Conversely, physical inactivity is the fourth-leading cause of death worldwide[11] and is one of the great public health challenges of the 21st century.[12] Decades of empirical evidence demonstrate that engaging in regular physical activity significantly protects against cardiovascular disease, diabetes, certain cancers, depression, anxiety, and other noncommunicable diseases, for which older adults are at higher risk.[11–13] In 2000, physical inactivity was associated with $76 billion in health care costs.[14] Given the very limited impact of individual-level interventions designed to increase PA,[15] a comprehensive approach that addresses environmental and system-level factors and professional development is required. With the acknowledgment of the ever-growing number of individuals living into old age, interventions and policies must be tailored to meet the distinct differences in the older adult population.

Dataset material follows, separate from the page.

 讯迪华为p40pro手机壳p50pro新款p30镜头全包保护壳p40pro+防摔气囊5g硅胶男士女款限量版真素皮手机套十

The PA guideline for healthy older adults calls for 150 minutes a week of moderate-intensity or 75 minutes a week of vigorous-intensity aerobic PA, with two or more days a week of muscle-strengthening activities that are of moderate or high intensity and involve all of the major muscle groups.[16] Despite such recommendations, in 2011 only 52.7% of US adults older than 65 years reported meeting the aerobic activity guideline, 21.7% met the muscle-strengthening guideline, and a 15.9% met both.[17] A recent review examining the percentage of older adults meeting PA guidelines showed that, among the 53 papers reviewed, the percentage ranged from 2.4% to 83%, with the majority of papers reporting that 20% to 69% of older adults met the guidelines.[18] These ranges are due to the competing influences of different measurement methodologies (subjective versus objective), attempts to capture the various domains of PA (leisure, transportation, occupational, household, exercise), use of conflicting definitions of moderate and vigorous PA, and different PA recommendations. Accelerometer data (which are considered the most reliable method for measuring PA) from the National Health and Nutrition Examination Survey showed that 2.4% of US adults older than 60 years met the PA guidelines in 2003–2004, while 8.5% of adults 60–69 years of age and 6.3% of those 70 years or older met the guidelines in 2005–2006.[19] Although variations in PA measurement create challenges, the aforementioned trends in PA engagement have shown over time that the vast majority of US older adults are not meeting the stated guidelines.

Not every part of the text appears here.